Start of Block

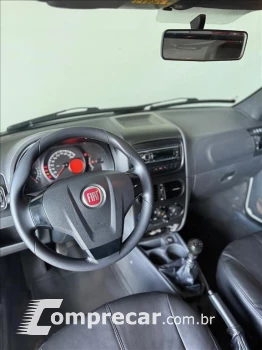 STRADA 1.4 MPI HARD WORKING CS 8V FLEX 2P MANUAL
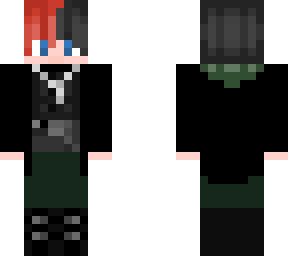 goth boi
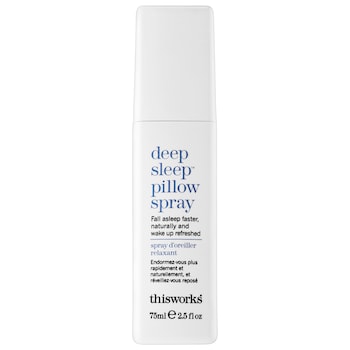 Deep Sleep Pillow Spray - This Works | Sephora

End of Block

(WHAT THE TASK ASKS)
The result should be an exact copy of the material, containing no pictures.

(RESPONSE)
 STRADA 1.4 MPI HARD WORKING CS 8V FLEX 2P MANUAL
 goth boi
 Deep Sleep Pillow Spray - This Works | Sephora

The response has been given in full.